(Brief descriptive captions)

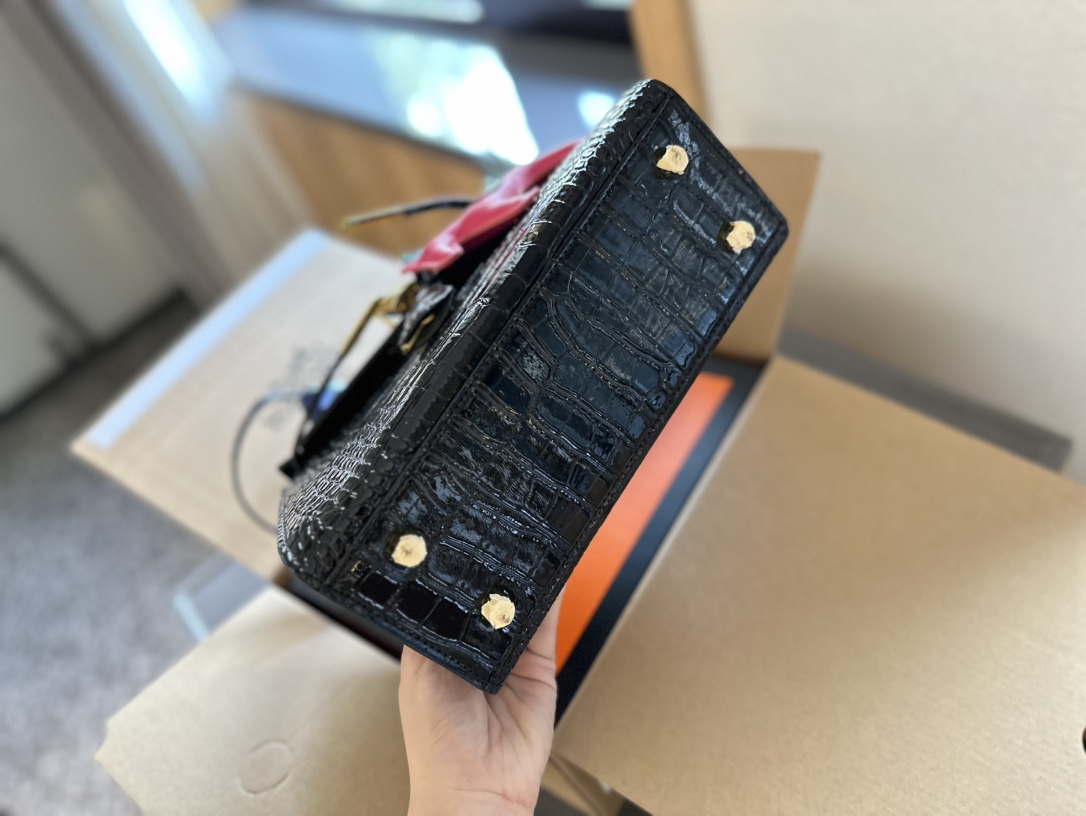 【Hermès 公式旗艦店】エルメス 斜めがけバッグ 当日出荷 好評に付き再入荷！25CM  240724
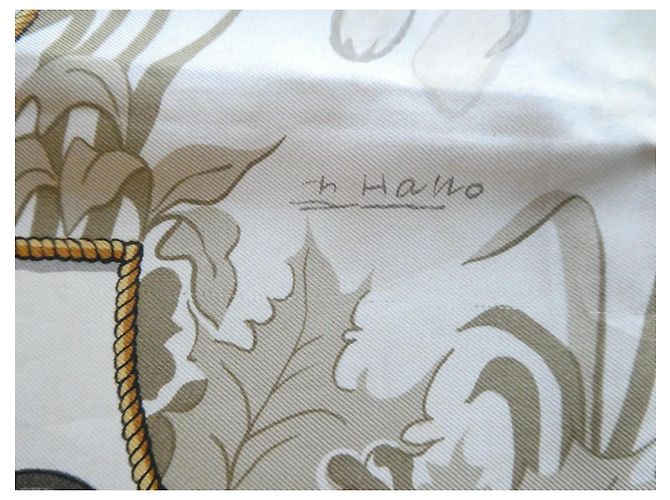 Hermès Carré Le Débuché Foulard en Soie Bleu et Crème - vue 4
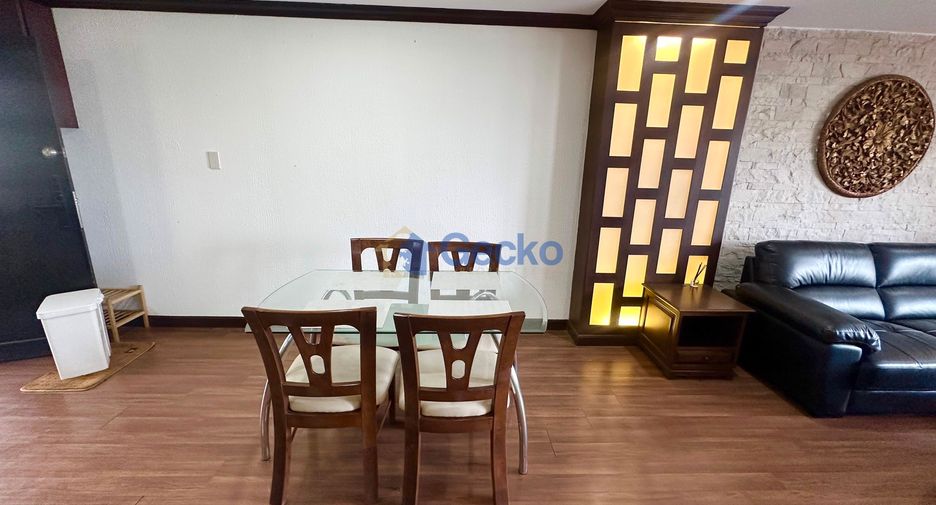For rent 2 bedrooms condo in Bang Lamung, Chonburi
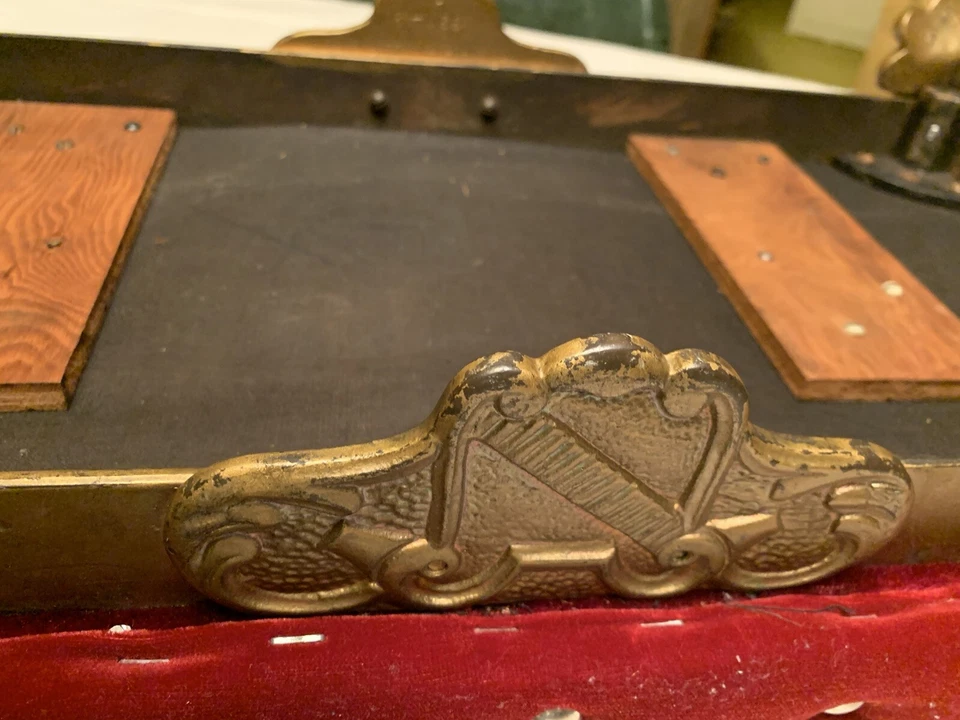 Banco de patas de hierro fundido vintage único de terciopelo rojo color bronce años 20 WH Howell Co. Foto 4 de 4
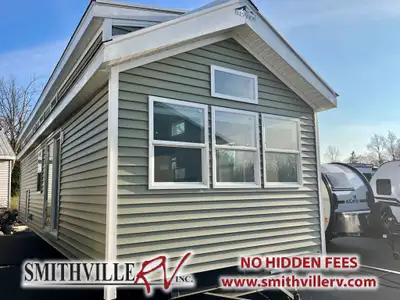 Luxurious, Light, bright park model- just arrived! Don't miss this deal! - Sleeps up to 4 - rear kin...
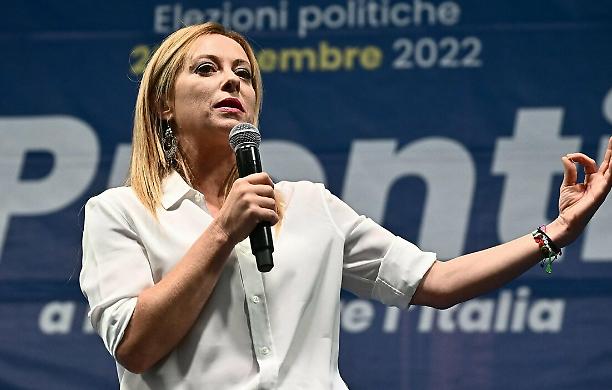 400 giornalisti da tutto il mondo per la notte elettorale con Meloni nell'albergo che fu il quartier generale della gloria dei 5 Stelle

▸ **Aim of the task**:
For this exercise, reproduce the data above exactly from the line containing "Hermès Carré Le" through its final line, both ends included, with no pictures in the copy.

▸ **Task output**:
 Hermès Carré Le Débuché Foulard en Soie Bleu et Crème - vue 4
For rent 2 bedrooms condo in Bang Lamung, Chonburi
 Banco de patas de hierro fundido vintage único de terciopelo rojo color bronce años 20 WH Howell Co. Foto 4 de 4
 Luxurious, Light, bright park model- just arrived! Don't miss this deal! - Sleeps up to 4 - rear kin...
 400 giornalisti da tutto il mondo per la notte elettorale con Meloni nell'albergo che fu il quartier generale della gloria dei 5 Stelle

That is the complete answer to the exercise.